The Master (Paul Thomas Anderson):

La aproximación de Paul Thomas Anderson al mundo de los cultos -particularmente al de la cienciología, evidente inspiración de la religión alrededor de la que gira el film- confundió a muchos por su poca voluntad de enfrentar el tema críticamente y mantener todo en una gama de grises morales sin conclusiones claras. Pero The Master no es una película sobre una organización espiritual más o menos engañosa, sino sobre un hambre de trascendencia jamás saciada, sobre una clase de violencia interior y exterior imposible de adaptar o satisfacer. Una película sobre la gran decepción de la posguerra en los 50, años presentados como los más felices del siglo XX, pero que fueron atravesados por espíritus rotos por el conflicto, por personas brutalmente despertadas del sueño americano.

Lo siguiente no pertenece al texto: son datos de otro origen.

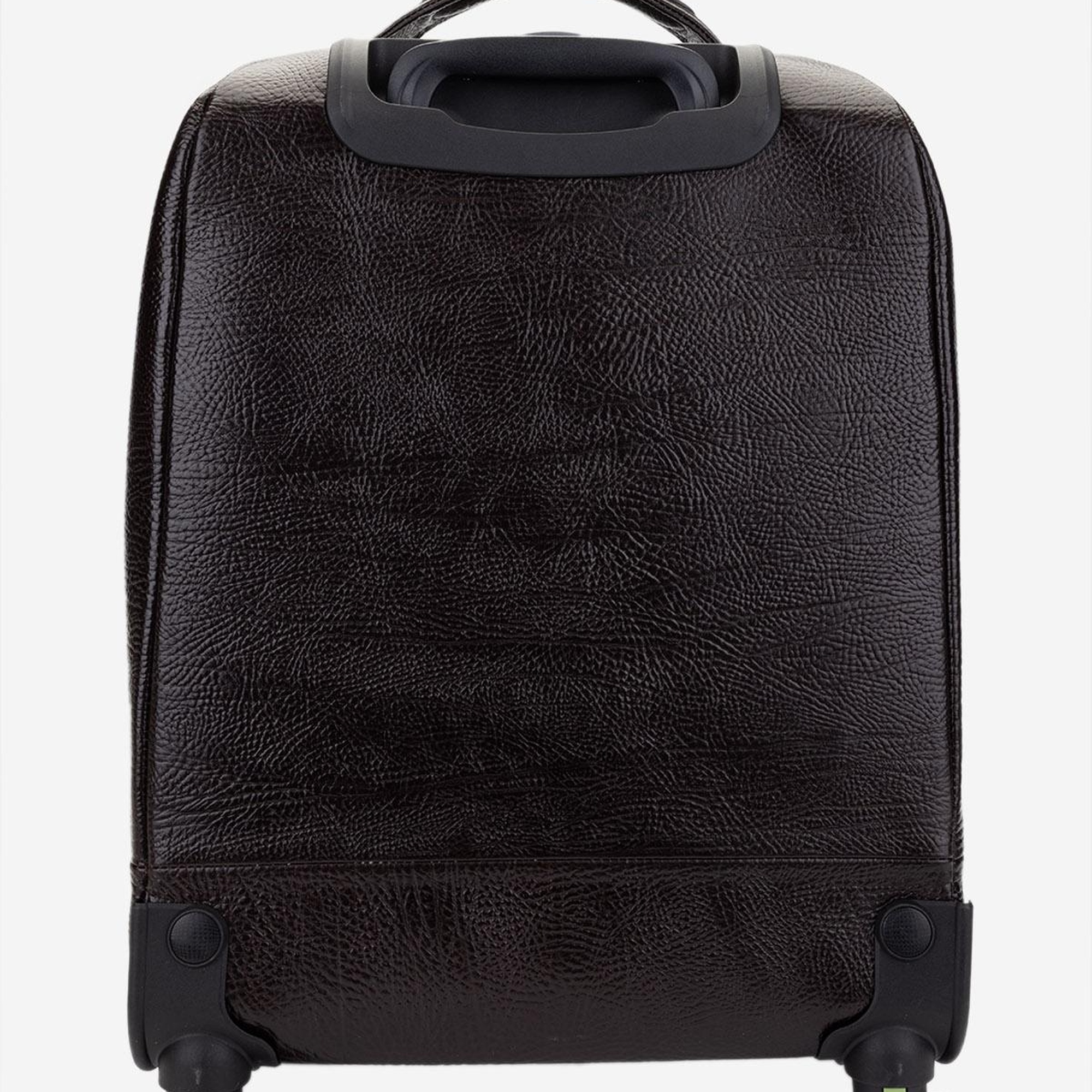 Valmenti Unisex Hakiki Deri Kahverengi Valiz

The Master es una película sobre la generación beat que jamás hace la menor referencia a ésta, pero también es una película arisca, que no deja al espectador empatizar con sus más bien desagradables personajes, pero que suma a su sobrecogedora belleza formal un discurso no menos bello, pero de una soledad casi insoportable. Cada escena es una lección de dirección de Anderson y una de actuación alternadamente a cargo de Joaquin Phoenix o Philip Seymour Hoffman. Cine enorme pero difícil de masticar a cargo del que tal vez sea el último cineasta realmente personal del cine estadounidense.